This tutorial demonstrates the basic graph framework used in graphAttack and applies it to a simple linear model
You should be familiar with basic linear algebra, Python and the Jupyter Notebook editor. It also helps if you have a basic understanding of Machine Learning and classification.
In [1]:
import numpy as np
import graphAttack as ga
This was developed using Python 3.6.1
graphAttack uses Nodes to store data instead of normal python variables, the Nodes are classified into
Those objects are used to store numerical data to be fed into the graph. They use numpy arrays to store data. Here we initialize some variables:
In [2]:
a = np.array([2])
b = np.array([3])
aVar = ga.Variable(a)
bVar = ga.Variable(b)
We can now extract the stored data by calling:
In [3]:
aData = aVar.getValue()
print(aVar.getValue())
and print the information about a variable by:
In [4]:
print(aVar)
Operations usually take as input other Nodes (Variables or Operations) and can be used to extract the output of underlying mathematical operation. Lets start with simple addition:
In [5]:
addOp = ga.AddOperation(aVar, bVar)
Again, we can obtain the value of the operation by .getValue() as well as some information about it by printing it:
In [6]:
print("2 + 3 = ", addOp.getValue())
print("Details of addOp:", addOp)
Defining operations could also be done using operators:
In [7]:
addOp2 = aVar + bVar
print("2 + 3 = ", addOp2.getValue())
print("Details of addOp2:", addOp2)
We could chain operations together to get something slightly more complicated
In [8]:
aVar = ga.Variable(np.array([2]))
bVar = ga.Variable(np.array([3]))
cVar = ga.Variable(np.array([4]))
addOp = ga.AddOperation(aVar, bVar)
multOp = ga.MultiplyOperation(addOp, cVar)
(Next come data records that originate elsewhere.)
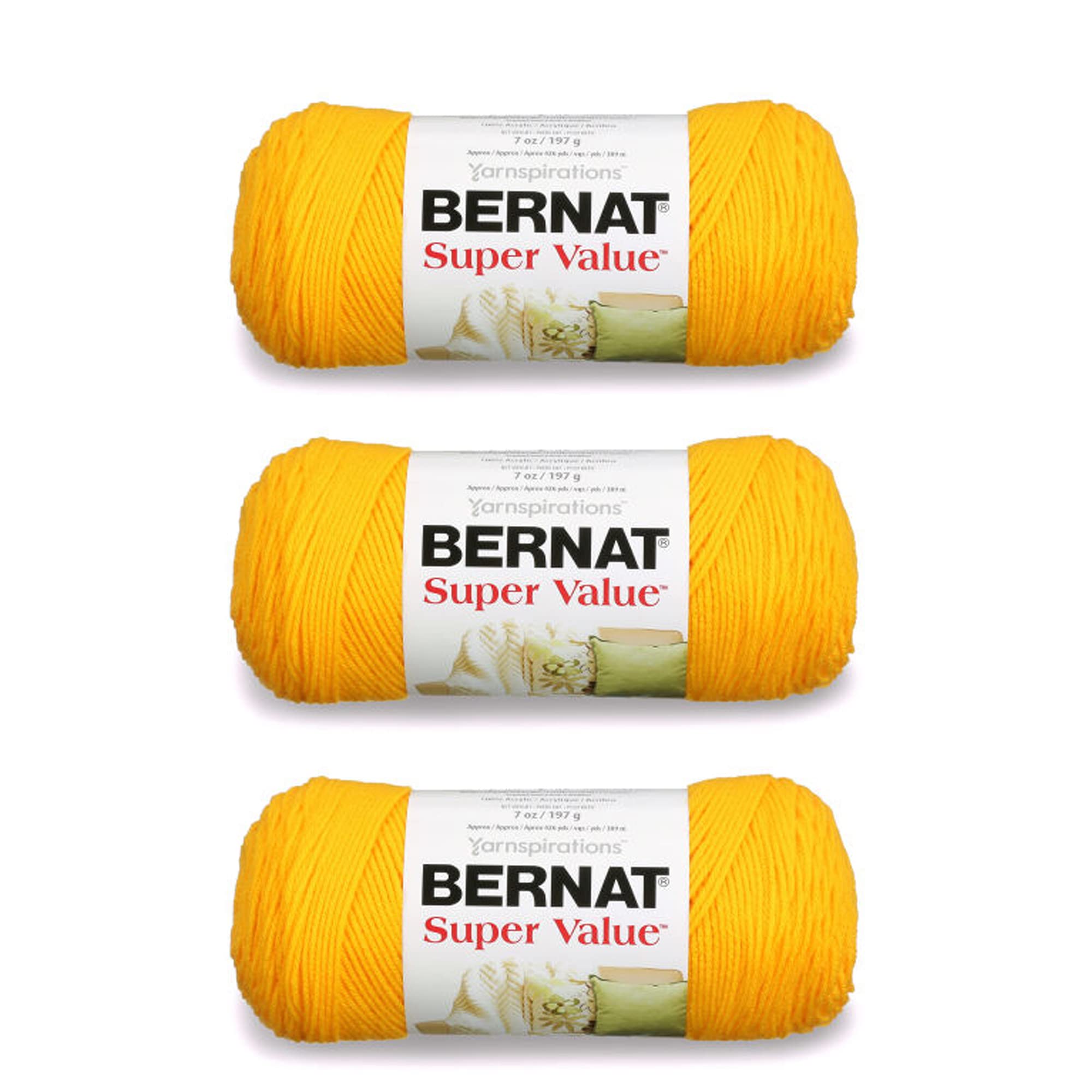 Bernat Super Value Yarn 3-Pack - Bright Yellow Acrylic Knitting & Crochet Yarn (3 Skeins) - Perfect for Blankets, Scarves & DIY Craft Projects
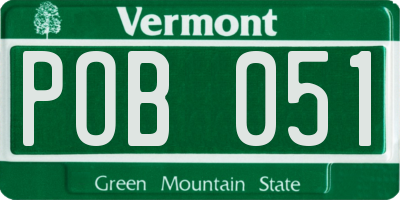VT license plate POB051
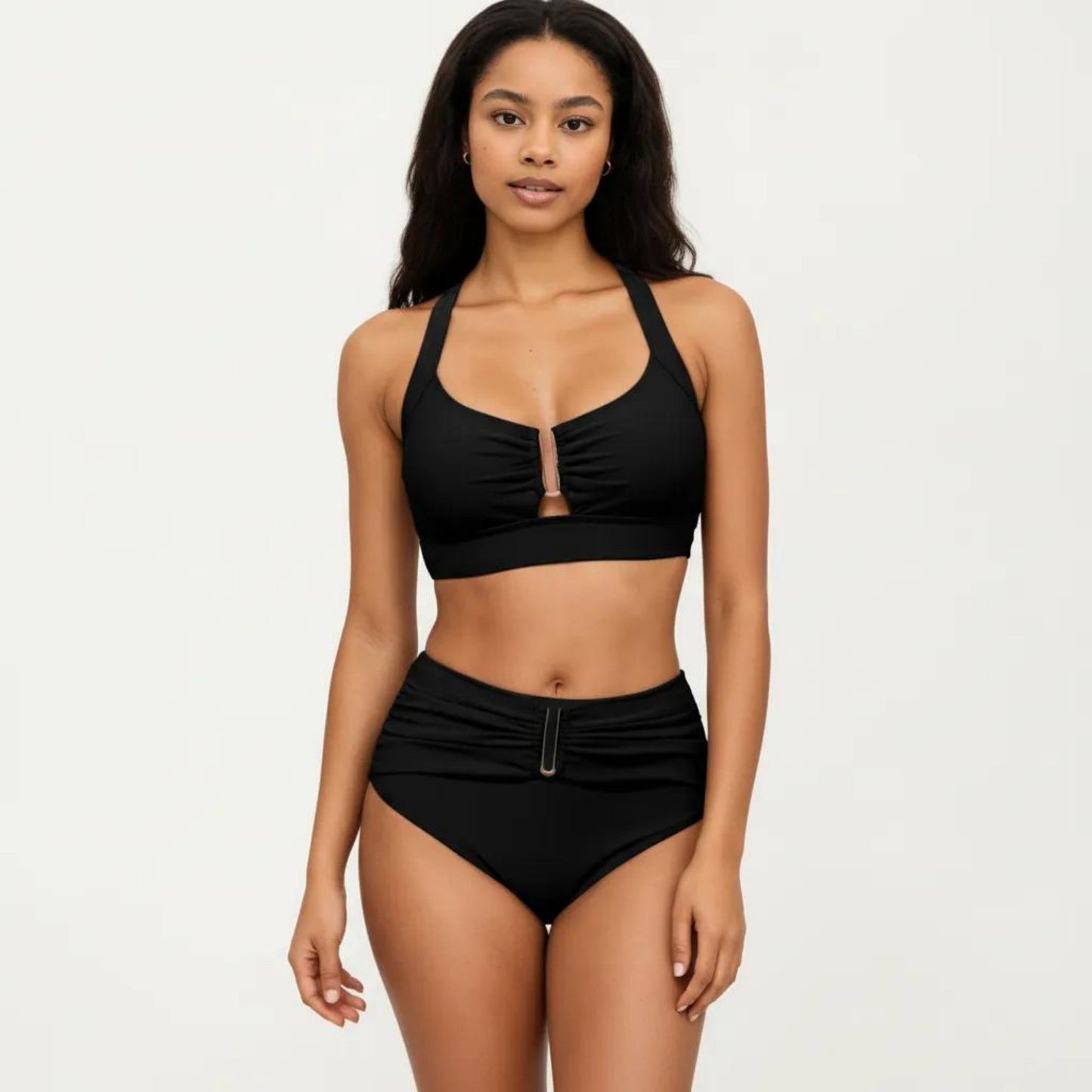 Conjunto de bikini de dos piezas para mujer de Mara Swim, con top tipo bralette fruncido y braguita de cintura alta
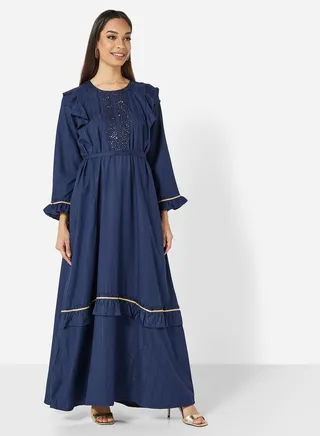 PURE VISCOSE RAYON FABRIC WITH GOLD COMPUTER EMBROIDERY ARABIC JALABIYA 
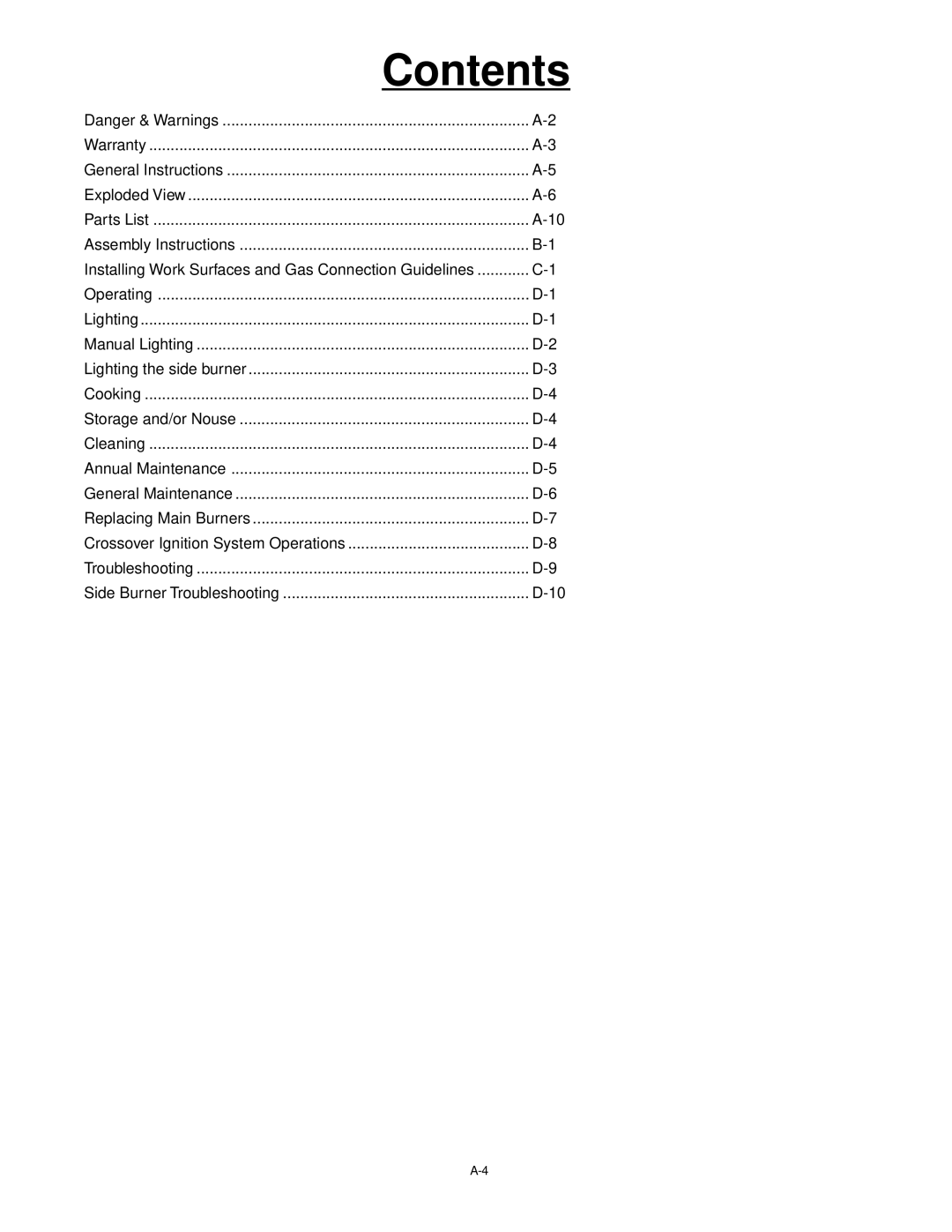 Weber 55024 manual Contents 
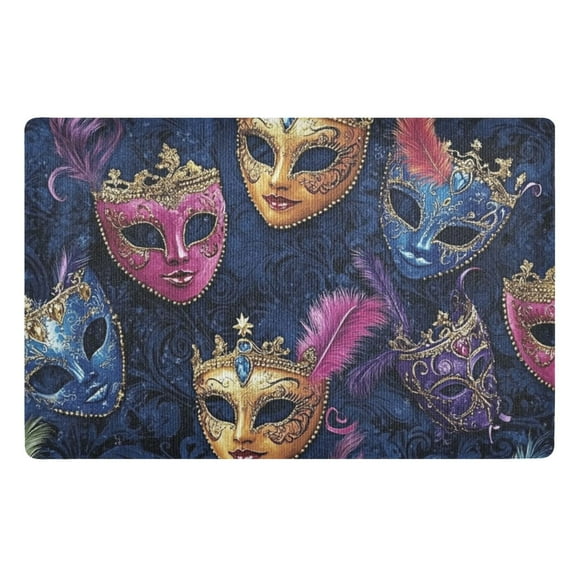 Elegant Mask Design Floor Door Mat Outdoor Indoor for Home Entrance Welcome Mats 32"x20"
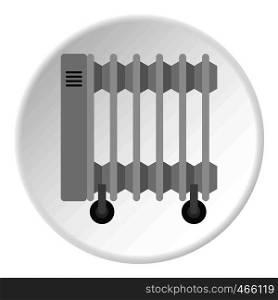 Portable electric heater icon in flat circle isolated on white vector illustration for web. Portable electric heater icon circle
print("(2 + 3) * 4 = ", multOp.getValue())
Again, same could be achieved with operators:
In [9]:
aVar = ga.Variable(np.array([2]))
bVar = ga.Variable(np.array([3]))
cVar = ga.Variable(np.array([4]))
addOp = aVar + bVar
multOp = addOp * cVar
print("(2 + 3) * 4 = ", multOp.getValue())
In [10]:
_ = """
The complete list of supported operators is:
+ : AddOperation
@ : MatMatmulOperation
* : MultiplyOperation
/ : DivideOperation
"""
graphAttack supports automatic differentiation to ease up the burden of optimising your parameters, lets look at our previous example, however this time, we could ask for a derivative of one of the Variables with respect to the final operation of the graph:
In [11]:
aVar = ga.Variable(np.array([2]))
bVar = ga.Variable(np.array([3]))
cVar = ga.Variable(np.array([4]))
addOp = aVar + bVar
multOp = addOp * cVar
print("(2 + 3) * 4 = ", multOp.getValue())
print("The derivative with respect to cVar is:", cVar.getGradient())
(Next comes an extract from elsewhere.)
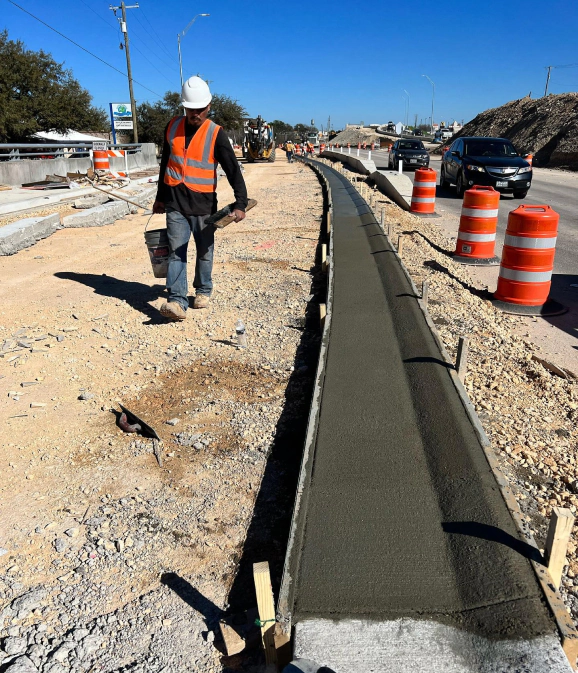highway isle concrete job ongoing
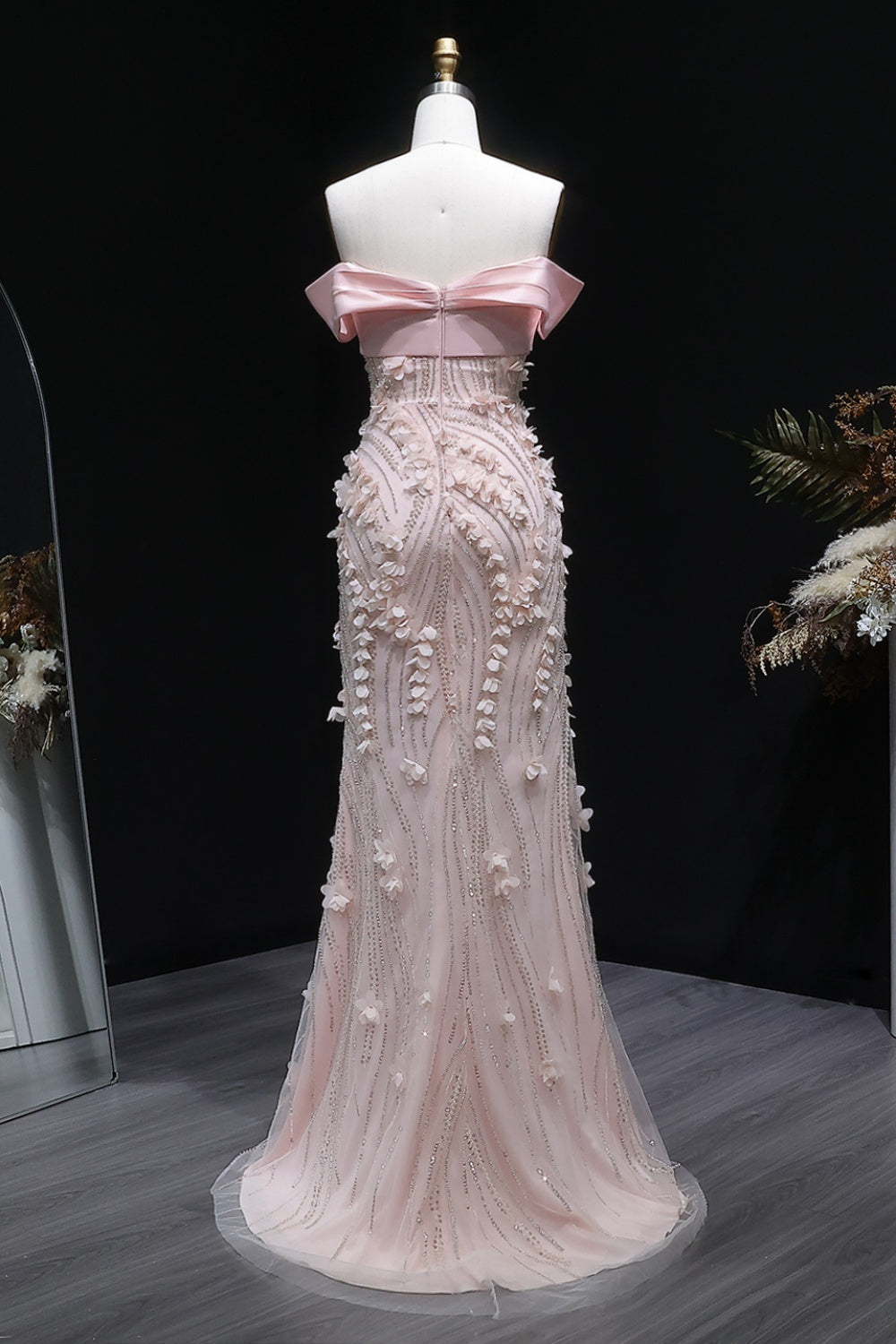 Blush Pink 3D Floral Mermaid Off-the-Shoulder Prom Dress SH148 Sheer Fairy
Each time we ask for a gradient, it looks for the derivatives up the operations chain untill it reaches a dead-end and then uses a chain rule to propagate the gradients backwards through the whole graph. Normally we would ask for derivatives of variables but we also could find the derivative of an individual operations as long as we provide the input with respect to which we want the derivation to be made.
In [12]:
print("The derivative of multOp respect to cVar is:", multOp.getGradient(cVar))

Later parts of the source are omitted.